Double iron replacement plane blade would work well. Or shape and heat treat your own single iron plane.

Reactions: Like 1


----------



## Brink (Apr 20, 2017)

woodtickgreg said:


> As far as irons a few come to mind, Lee valley, veritas, wood craft for hock blades.
> Never built one, maybe @Brink has.



Sorry, I'm not a tool maker

Reactions: Like 1


----------



## Blueglass (Apr 20, 2017)

@Brink you mean there is something you don't do.


----------



## Brink (Apr 20, 2017)

Never wanted to

Reactions: Like 1


----------



## woodtickgreg (Apr 20, 2017)

Brink said:


> Sorry, I'm not a tool maker


I would have thought that since you are a hand tool guy that a wood hand plane would have been right up your alley.

Reactions: Agree 2


----------



## rocky1 (Apr 20, 2017)

Schroedc said:


> I made a couple little block planes using old chisels for irons, I would recommend checking out this group if you are on FB
> 
> https://www.facebook.com/groups/1410047249324398/



That one just popped up on my Facebook page a couple days ago and I joined the group. Some sweet old planes, and some really serious newer stuff pictured therein.


----------



## Brink (Apr 20, 2017)

Schroedc said:


> I made a couple little block planes using old chisels for irons, I would recommend checking out this group if you are on FB
> 
> https://www.facebook.com/groups/1410047249324398/



I hear the admins can be a bit rough, there

Reactions: Funny 1


----------



## rocky1 (Apr 20, 2017)

Found this one the other night... Entirely too cool!!







Simple easy build for you here Les.

Reactions: Way Cool 1


----------



## Blueglass (Apr 21, 2017)

Things that look that simple never are

Reactions: Agree 1


----------



## ClintW (Apr 21, 2017)

This is one I made in a weekend. Blade is removed, made from a piece if high carbon steel. 

The Krenov method is really simple it gives a nice workable tool. When I do it again, I will make a traditional style handle or more of a coffin smoother style. The way these are suppose to gripped doesn't work well for me.

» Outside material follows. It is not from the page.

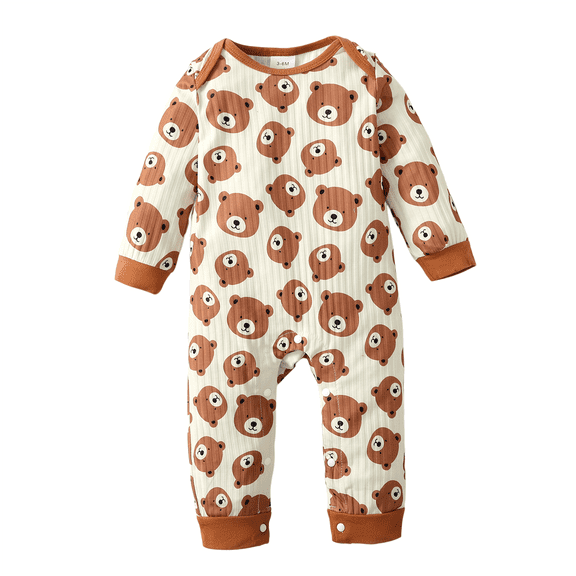 Kucnuzki Infant Baby Boy Clothes 12 Months Winter Jumpsuit Bodysuit 18 Months Long Sleeve All Bear Prints Jumpsuit Bodysuit Brown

Reactions: Like 3 | Thank You! 1 | Way Cool 1


----------



## rocky1 (Apr 21, 2017)

Watch the Japanese guys I'm the video above, you're supposed to drag them not push. May make the hold a little better, but there was another video on YouTube that Incorporated handle like a handsaw that was sweet.


----------



## Blueglass (Apr 21, 2017)

rocky1 said:


> Watch the Japanese guys I'm the video above, you're supposed to drag them not push. May make the hold a little better, but there was another video on YouTube that Incorporated handle like a handsaw that was sweet.


Pretty much all Japanese tools seem to cut on the pull stroke which makes sense pulling is almost always easier than pushing and with saws it automatically keeps the blade straight and prevents binding. I love Japanese woodworking, those guys are crazy precise.


----------



## Brink (Apr 21, 2017)

Blueglass said:


> Things that look that simple never are



I resemble that remark

Reactions: Like 1 | Funny 1


----------



## Blueglass (Apr 21, 2017)

Brink said:


> I resemble that remark


I'm as simple as I appear. Just ask my wife.

Reactions: Like 1 | Funny 2


----------